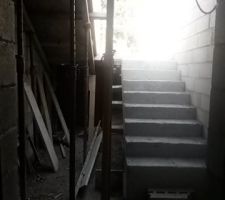 Escalier accès habitation garage sous-sol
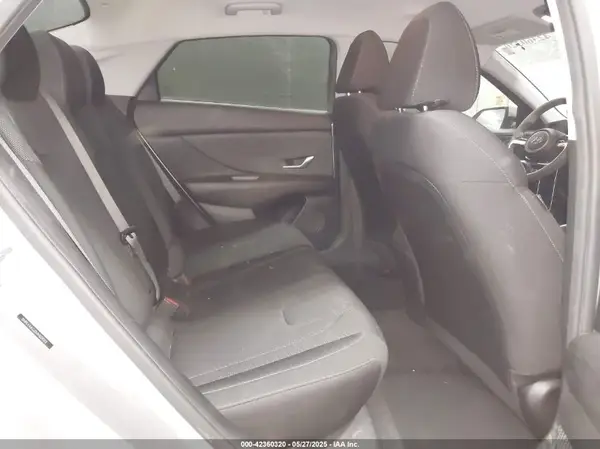 5NPLL4AG2MH024123 2021 HYUNDAI ELANTRA - Image 8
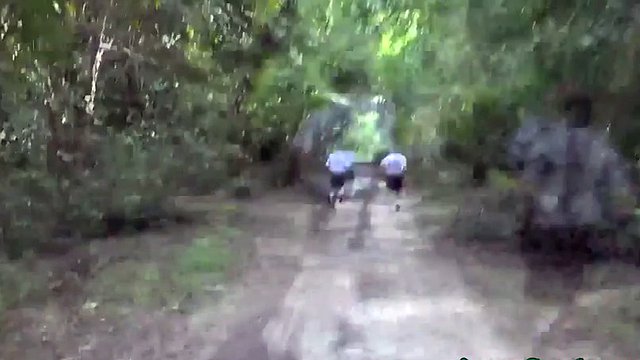 军事 帅哥 室外 asslicking 和 jizzing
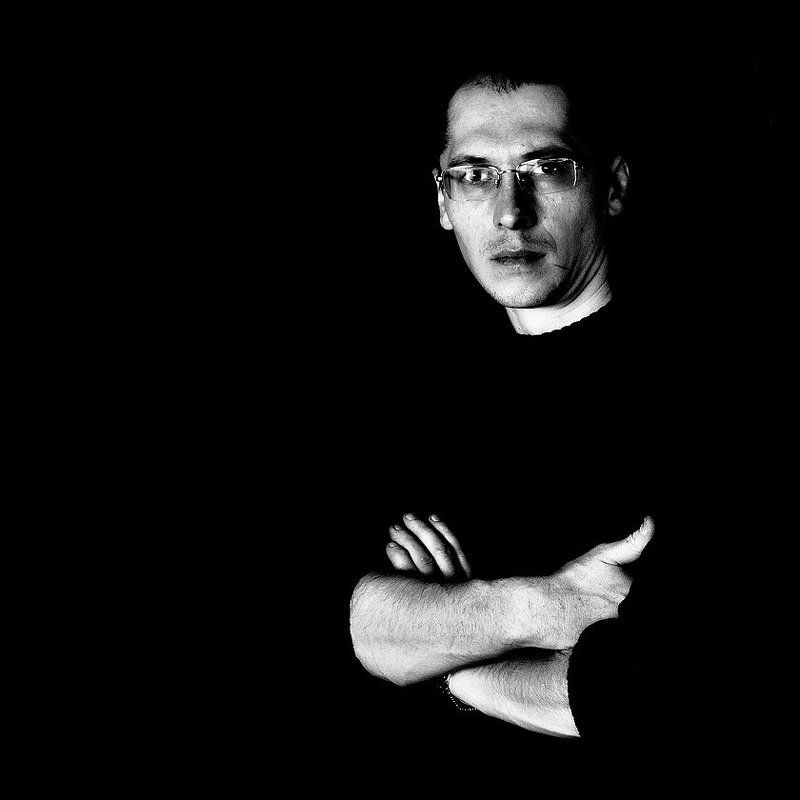 автор Paint it blackphoto preview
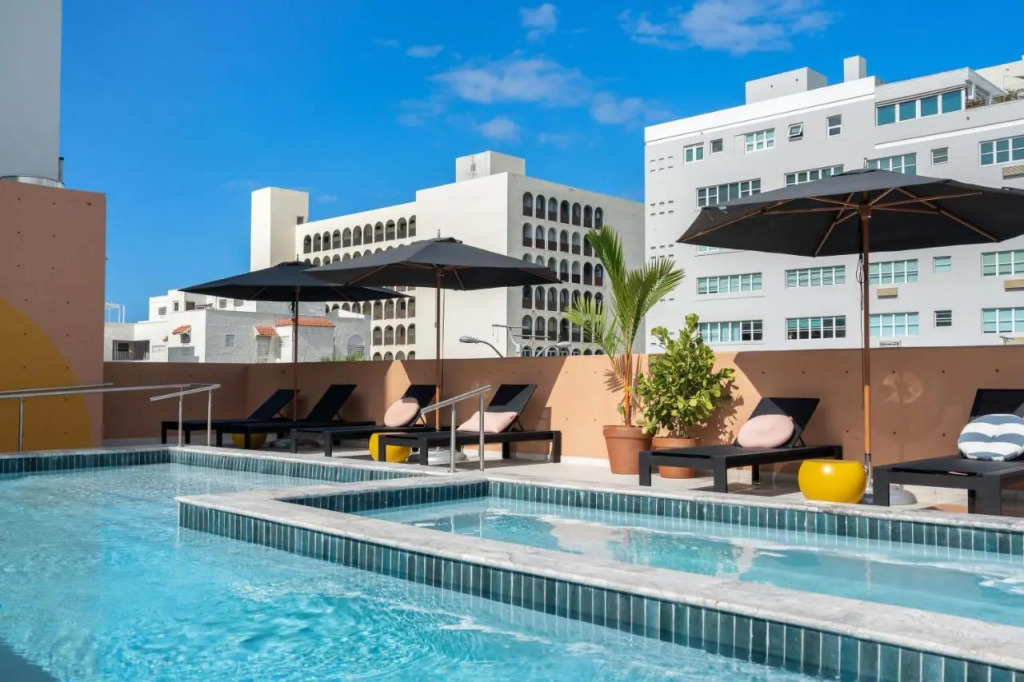 HiBird- Apartment and Suites Hotel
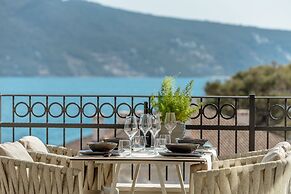 Lazure Hotel and Marina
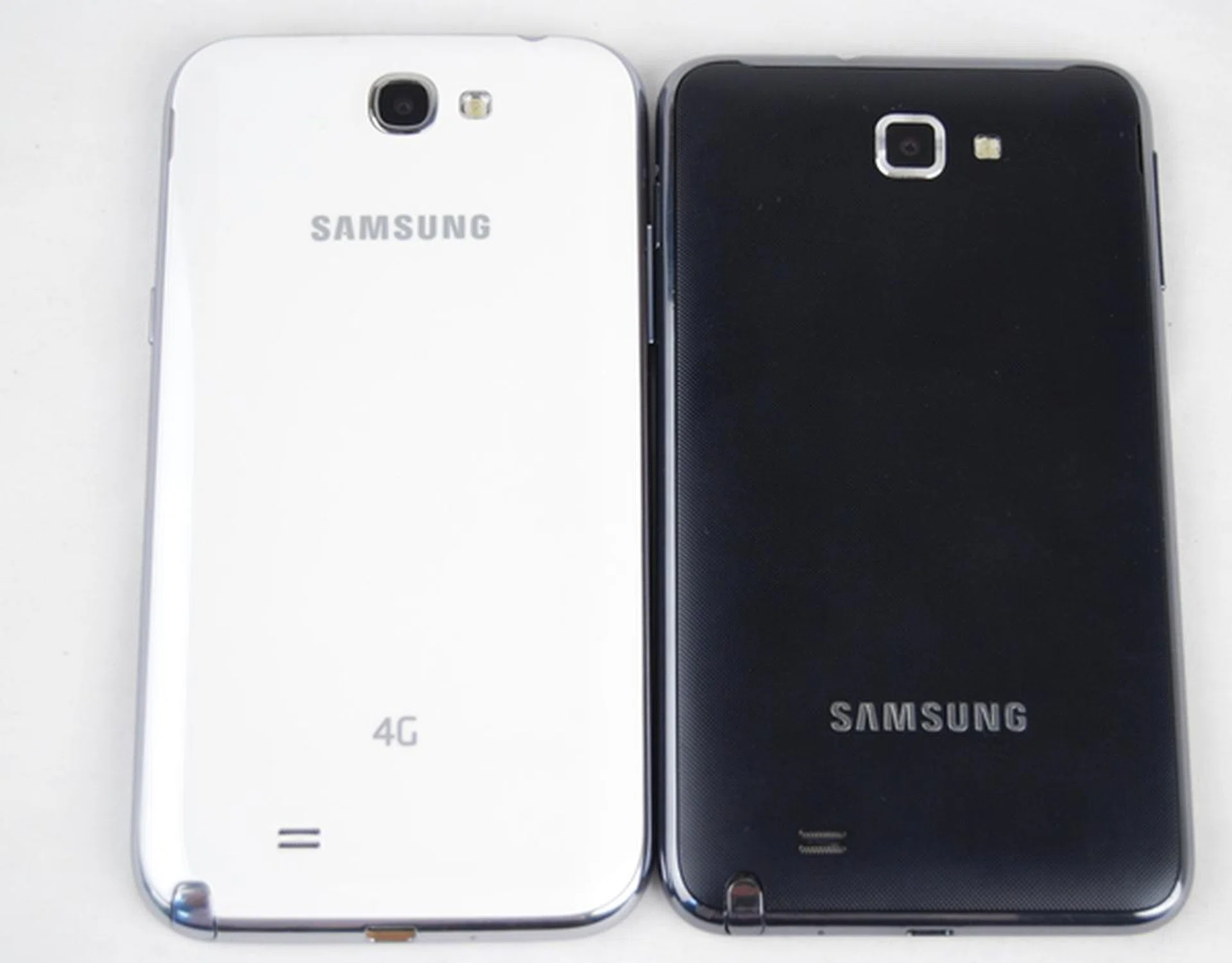 The Samsung Galaxy Note II (left) loses the textured back cover and opts for a 'hyperglaze' finish. 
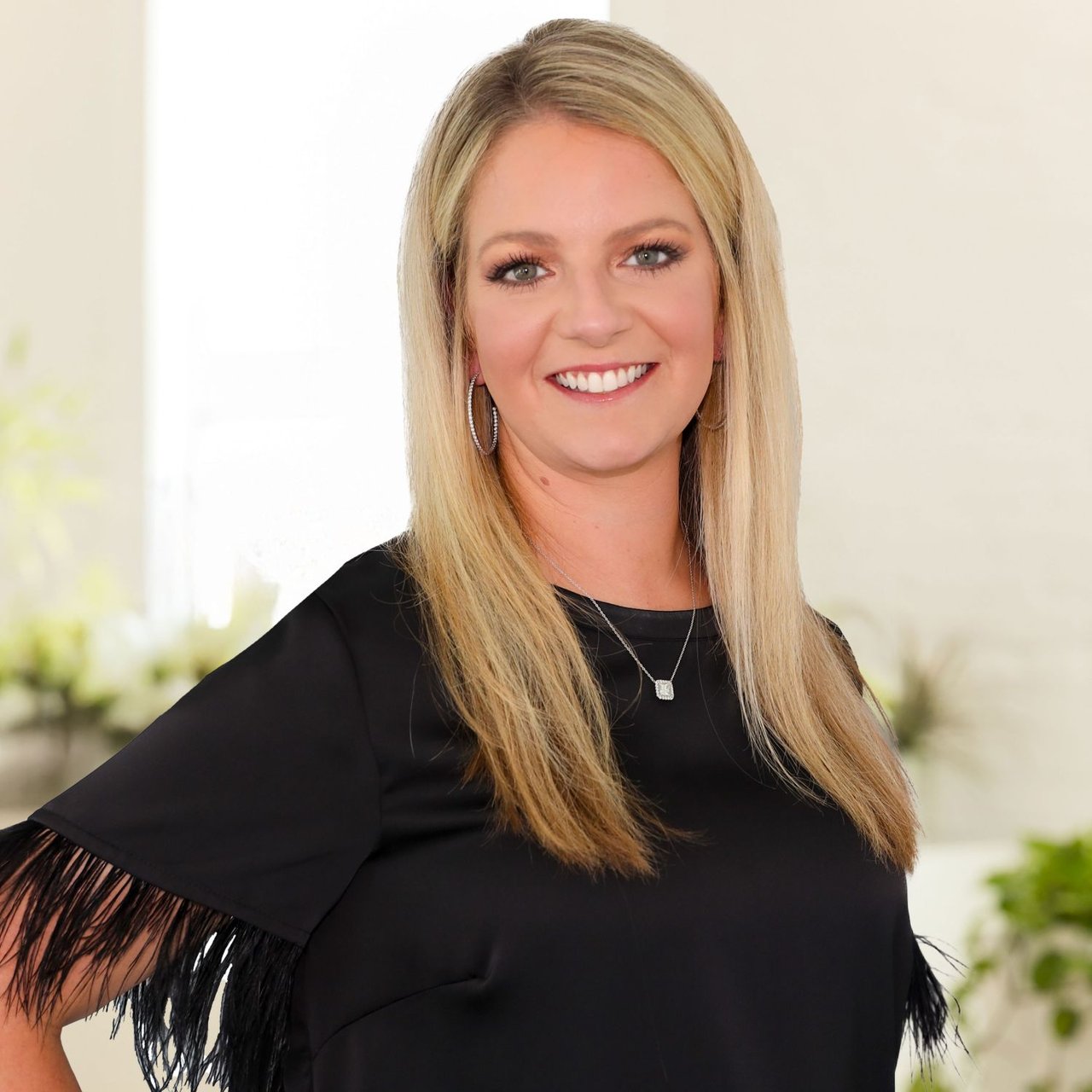 Holly Bailey Pensacola, FL Real Estate Agent Headshot
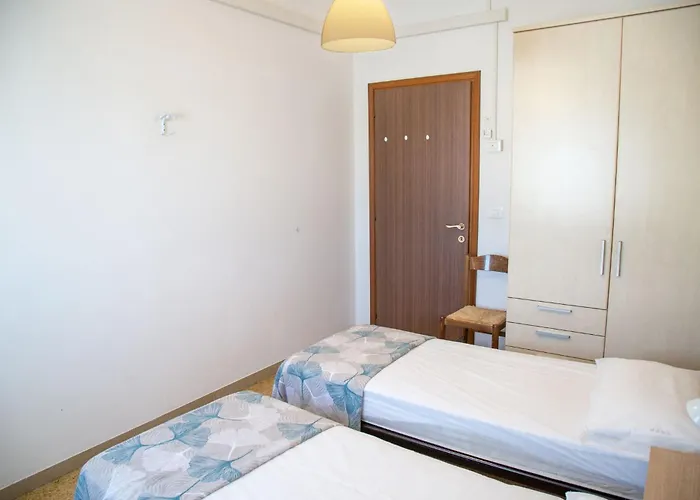 Two Triple Bedroom Flat Near The In Eraclea Apartament Eraclea Mare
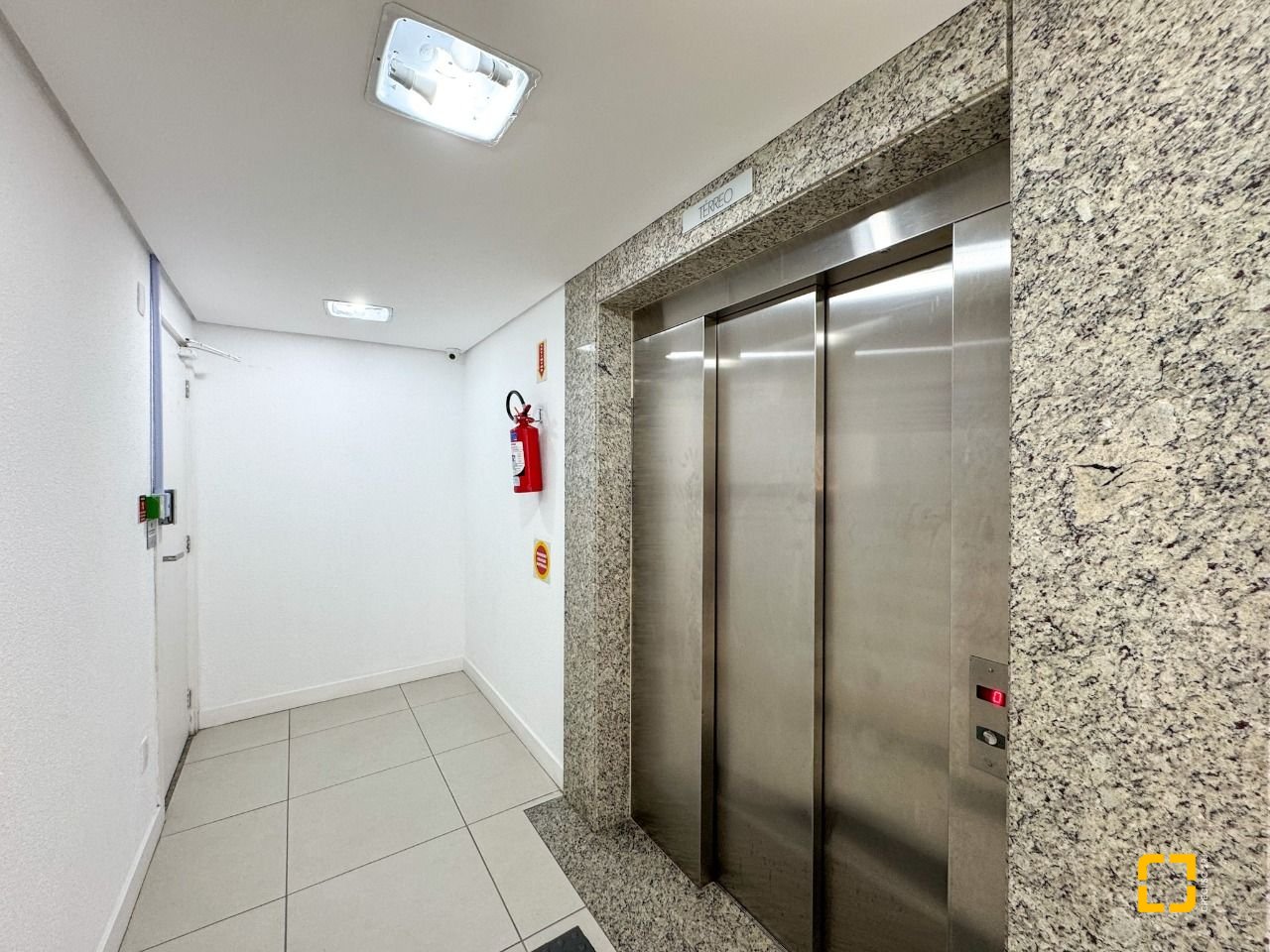 Cobertura com 159m², 4 quartos (sendo 1 suíte), 2 garagens, no bairro Jurerê em Florianópolis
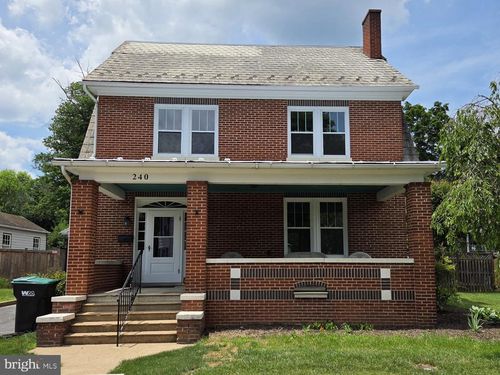 240 S Holliday St, STRASBURG, VA, 22657-2216 | Card Image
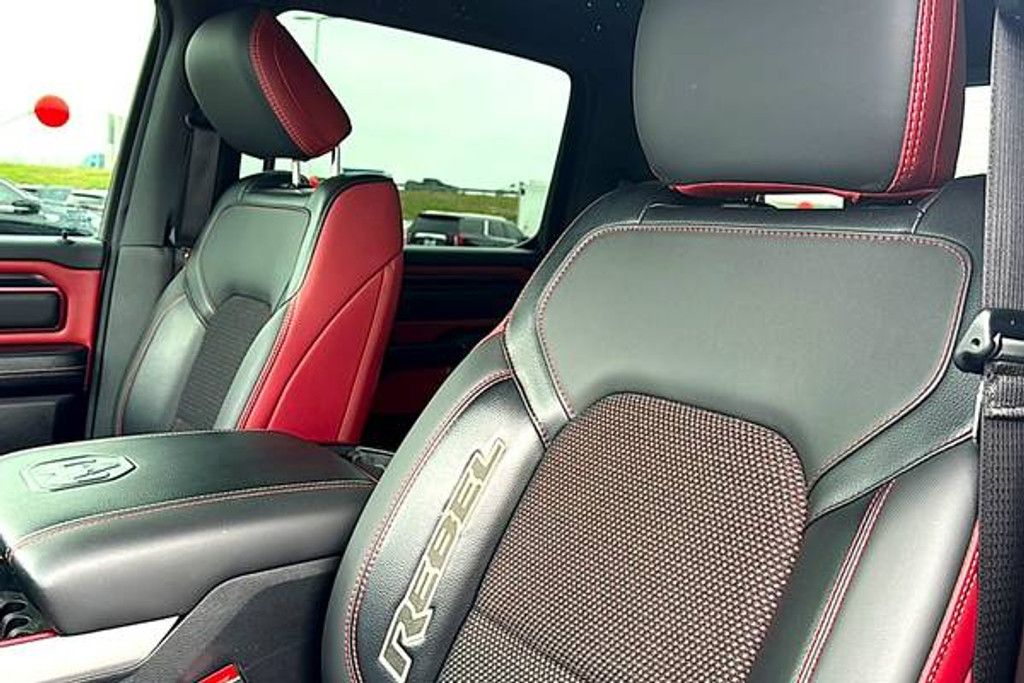 2025 RAM 1500 - photo 14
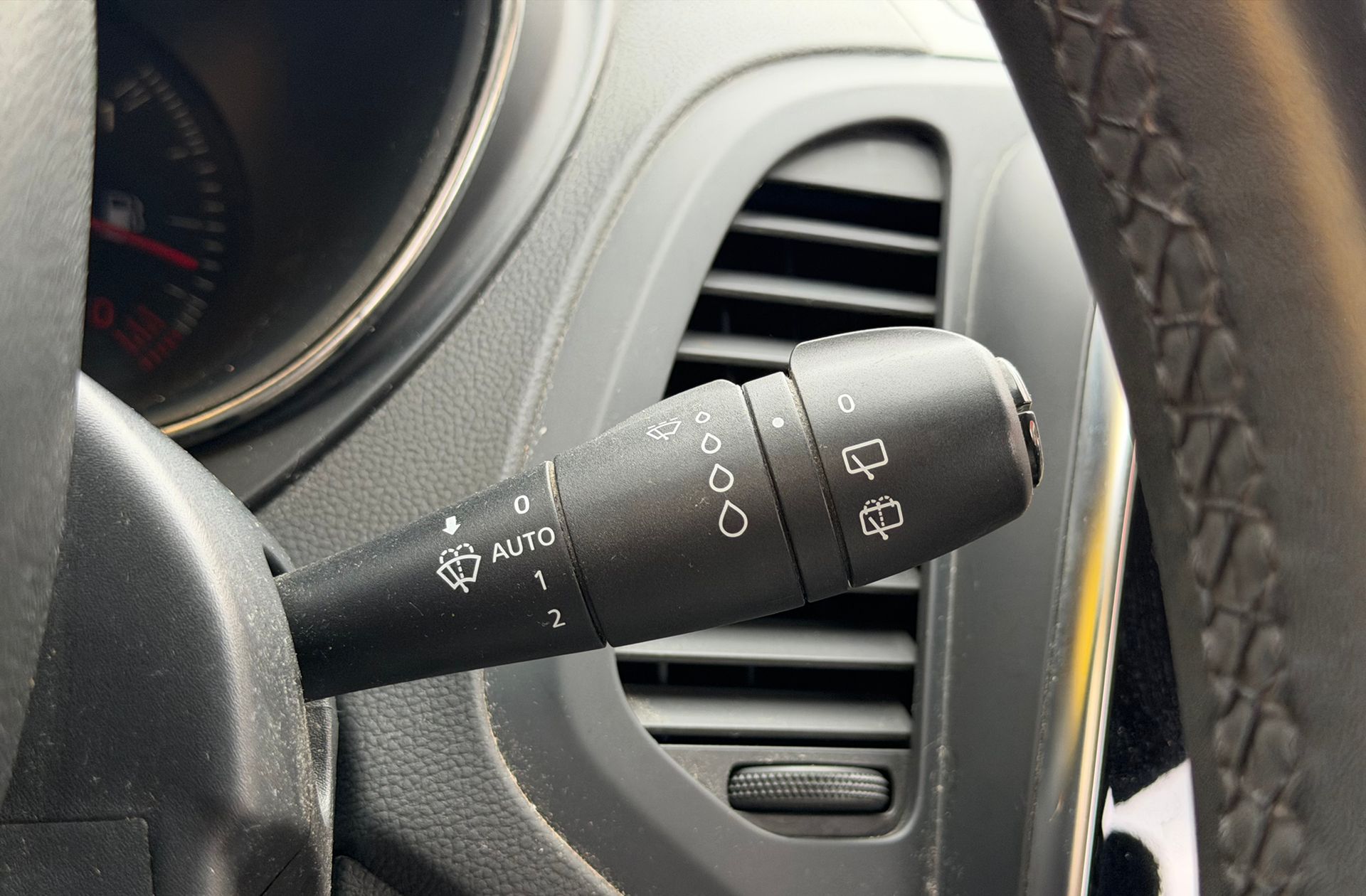 Renault Captur Limited Energy TCe - foto 28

----

_Problem statement_
Without the pictures, please reproduce each line of the listing above exactly, from the first one through the line bearing "2025 RAM 1500 - photo 14".

_Response to the exercise_
 Escalier accès habitation garage sous-sol
 5NPLL4AG2MH024123 2021 HYUNDAI ELANTRA - Image 8
 军事 帅哥 室外 asslicking 和 jizzing
 автор Paint it blackphoto preview
 HiBird- Apartment and Suites Hotel
 Lazure Hotel and Marina
 The Samsung Galaxy Note II (left) loses the textured back cover and opts for a 'hyperglaze' finish. 
 Holly Bailey Pensacola, FL Real Estate Agent Headshot
 Two Triple Bedroom Flat Near The In Eraclea Apartament Eraclea Mare
 Cobertura com 159m², 4 quartos (sendo 1 suíte), 2 garagens, no bairro Jurerê em Florianópolis
 240 S Holliday St, STRASBURG, VA, 22657-2216 | Card Image
 2025 RAM 1500 - photo 14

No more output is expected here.